Data supplied:
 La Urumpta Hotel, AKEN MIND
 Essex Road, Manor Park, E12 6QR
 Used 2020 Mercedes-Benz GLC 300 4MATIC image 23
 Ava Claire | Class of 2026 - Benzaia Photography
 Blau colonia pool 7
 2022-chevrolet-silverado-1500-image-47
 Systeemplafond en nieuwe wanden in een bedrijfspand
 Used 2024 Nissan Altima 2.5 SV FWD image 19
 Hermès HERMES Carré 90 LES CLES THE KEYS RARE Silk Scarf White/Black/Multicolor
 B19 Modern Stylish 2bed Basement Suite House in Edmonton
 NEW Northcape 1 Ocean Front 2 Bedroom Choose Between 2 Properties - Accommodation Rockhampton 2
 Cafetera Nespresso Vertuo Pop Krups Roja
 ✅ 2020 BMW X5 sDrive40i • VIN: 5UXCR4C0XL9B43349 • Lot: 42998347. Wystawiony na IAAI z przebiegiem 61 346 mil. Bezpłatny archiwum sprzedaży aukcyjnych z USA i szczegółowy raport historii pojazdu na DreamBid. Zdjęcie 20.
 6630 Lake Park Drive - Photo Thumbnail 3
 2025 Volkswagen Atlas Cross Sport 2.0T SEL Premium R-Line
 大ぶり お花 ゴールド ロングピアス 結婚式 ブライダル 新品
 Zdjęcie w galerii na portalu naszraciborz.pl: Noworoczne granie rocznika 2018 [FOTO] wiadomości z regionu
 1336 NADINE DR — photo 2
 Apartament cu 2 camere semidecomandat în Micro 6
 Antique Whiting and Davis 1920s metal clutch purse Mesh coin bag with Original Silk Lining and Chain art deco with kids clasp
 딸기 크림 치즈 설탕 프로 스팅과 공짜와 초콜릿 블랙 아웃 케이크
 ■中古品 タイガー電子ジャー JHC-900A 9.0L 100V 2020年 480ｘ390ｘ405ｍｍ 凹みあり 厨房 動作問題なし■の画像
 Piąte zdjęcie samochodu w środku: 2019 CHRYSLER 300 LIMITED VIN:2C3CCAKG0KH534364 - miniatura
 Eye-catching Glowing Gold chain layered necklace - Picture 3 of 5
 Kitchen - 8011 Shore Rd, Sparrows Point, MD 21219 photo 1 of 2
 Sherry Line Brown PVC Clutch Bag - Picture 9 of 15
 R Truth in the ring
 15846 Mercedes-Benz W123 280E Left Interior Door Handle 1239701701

Task directions: In the listing above, find each line containing "image" and copy it.

Answer to this problem:
 Used 2020 Mercedes-Benz GLC 300 4MATIC image 23
 2022-chevrolet-silverado-1500-image-47
 Used 2024 Nissan Altima 2.5 SV FWD image 19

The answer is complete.